Unable to change expired AD password through wired or wireless ISE

mikeyasg · ‎11-10-2023

Hi,

we are having a problem while users try to change their expired AD password. we use Cisco Anyconnect NAM for wired network access and for wireless we use the default supplicant. Users cant change their password from both wired and wireless network. the RADIUS log shows that "User change password against Active Directory failed ". we did the following

1. check if any password policy changes on AD. there was none.

2. Check if the users are setting a policy compliant password. we have tried it ourselves with a compliant pass but same error.

3. we have tried computers without RADIUS configured on the port. it works perfectly.

4. users can authenticate with RADIUS but the issue is when they try to change password.

5. Mainly there was a change in the active directory settings related to kerberos allowed encryption types and PKU2U authentication and NTLM failing back to Null session. But with also this changes the authentication works only password change is not.

version cisco ise 3.0.0.458, windows server 2019

We the above information can you asisit me in finding a solution.

Thank You.

Arne Bier · ‎11-12-2023

Sounds odd. Has it ever worked in the past?

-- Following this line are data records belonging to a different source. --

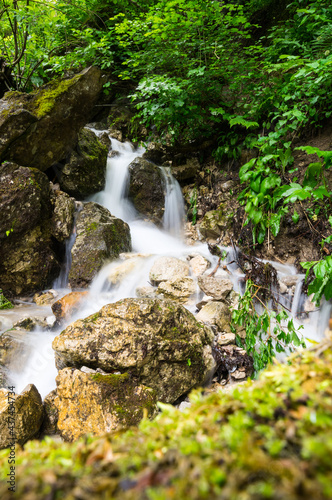 Fototapeta Naklejka Na Ścianę i Meble -  Waterfall in Cherek gorge in the Caucasus mountains in Russia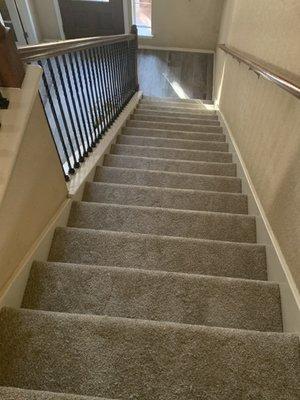 New carpet on stairs and porcelain tile throughout remainder of home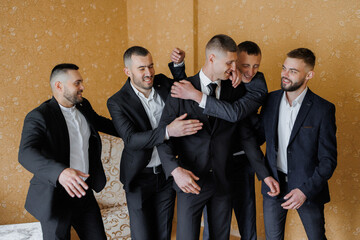 Groom and groomsmen celebrate together before wedding ceremony in warm-toned room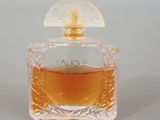 an image of a bottle of perfume sitting on top of a table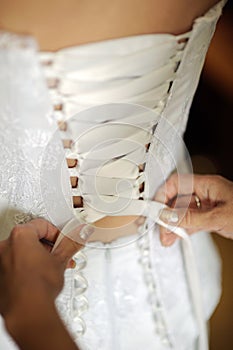 Wedding dress corset close up. Preparation of the bride. Bridesmaid tying bow on wedding dress. Bride in the white dress.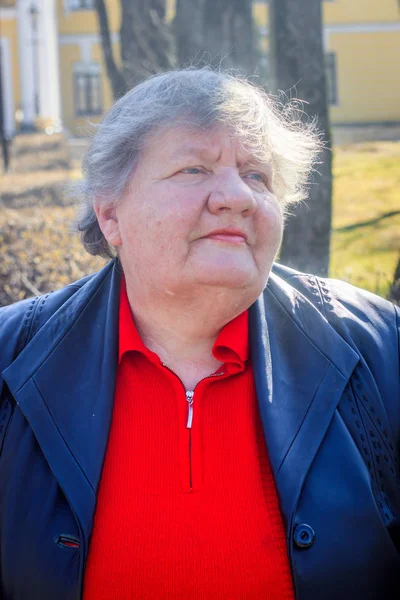 Uma idosa num banco da cidade. Avó em uma camisola vermelha e jaqueta de couro . — Fotografia de Stock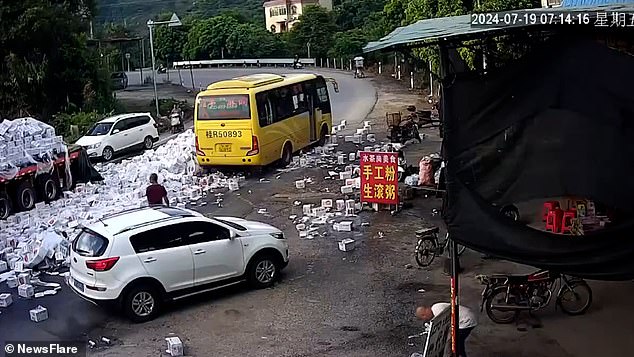 At the time of the incident, a yellow bus and a white hatchback were travelling. Fortunately, both vehicles stopped and no injuries were reported.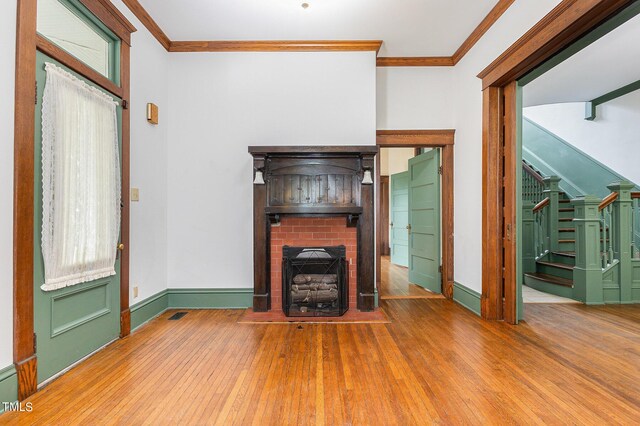 unfurnished living room with wood-type flooring, a fireplace, and ornamental molding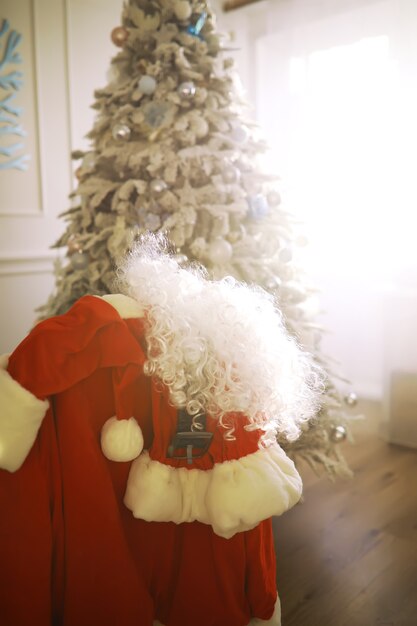 Sedia con vestiti di Babbo Natale. Costume da Babbo Natale appeso nella stanza bianca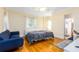Inviting bedroom with hardwood floors, soft lighting, and a comfortable seating area for relaxation at 1400 Tedford St, Eustis, FL 32726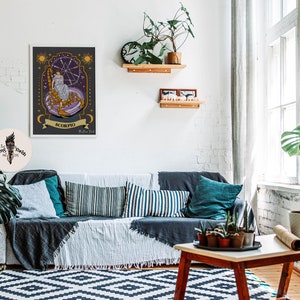 May include: A framed illustration of the zodiac sign Scorpio. The illustration features a woman sitting on a scorpion with a starry background. The text "Scorpio" is written in a banner below the image.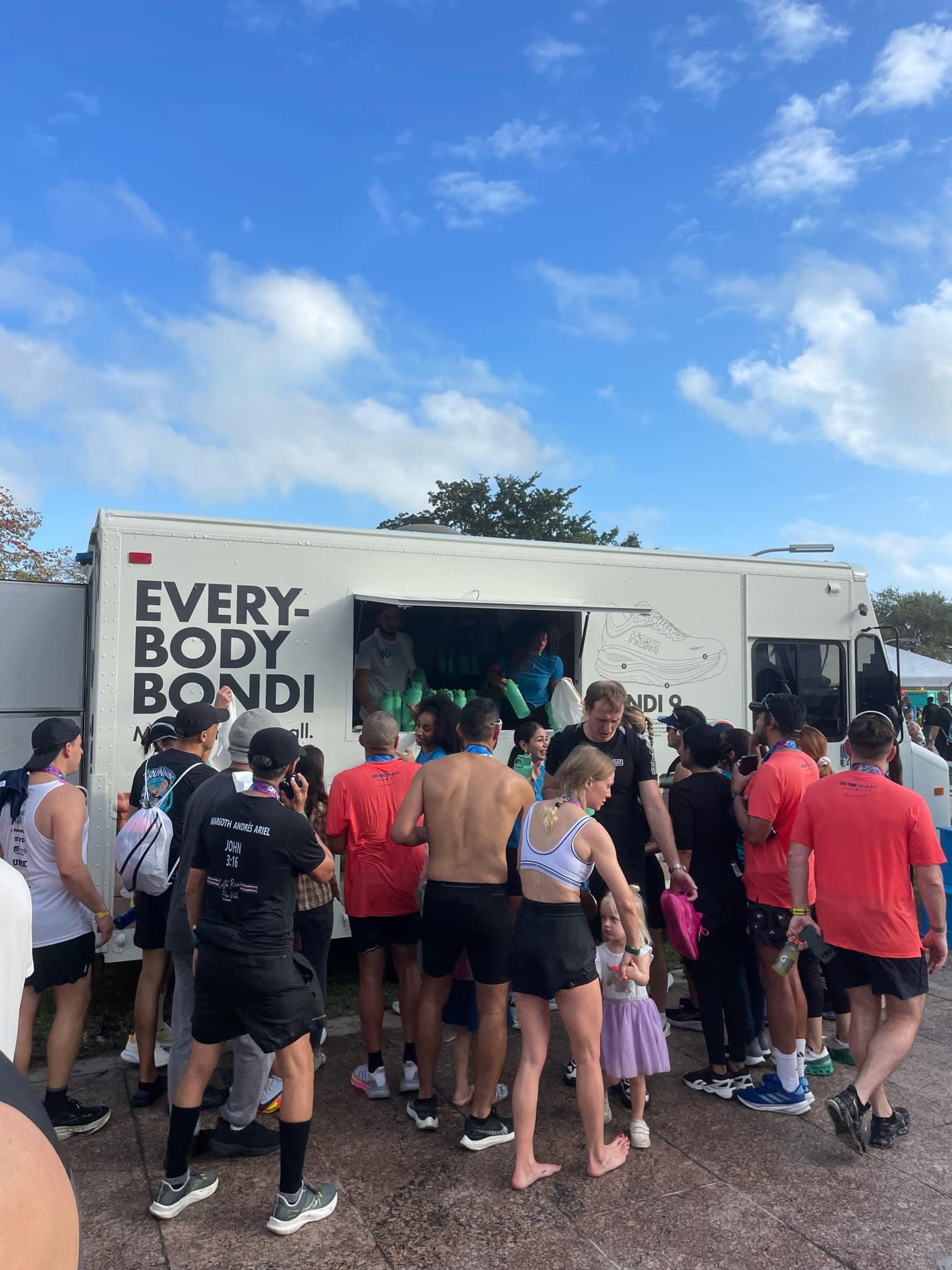 People in athletic wear gather near a white EVERYBODY BONDI truck; a child stands in front.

I don't really use this myself, but perhaps you can check these two items in ISE.

Is this enabled in ISE?

And maybe this too?

mikeyasg · ‎11-13-2023

@Arne Bier Thank you for your response. The "Enable Password Change " has been selected and users have been successfully changing their password until recently. Allow password change retries has been set to maximum on all allowed protocols.

Arne Bier · ‎11-13-2023

Wow - OK. I searched a bit on PKU2U but I don't understand Microsoft to that level of detail. I don't think there are any other knobs in ISE that we can tune - seems that the AD changes that were made have this unwanted side effect.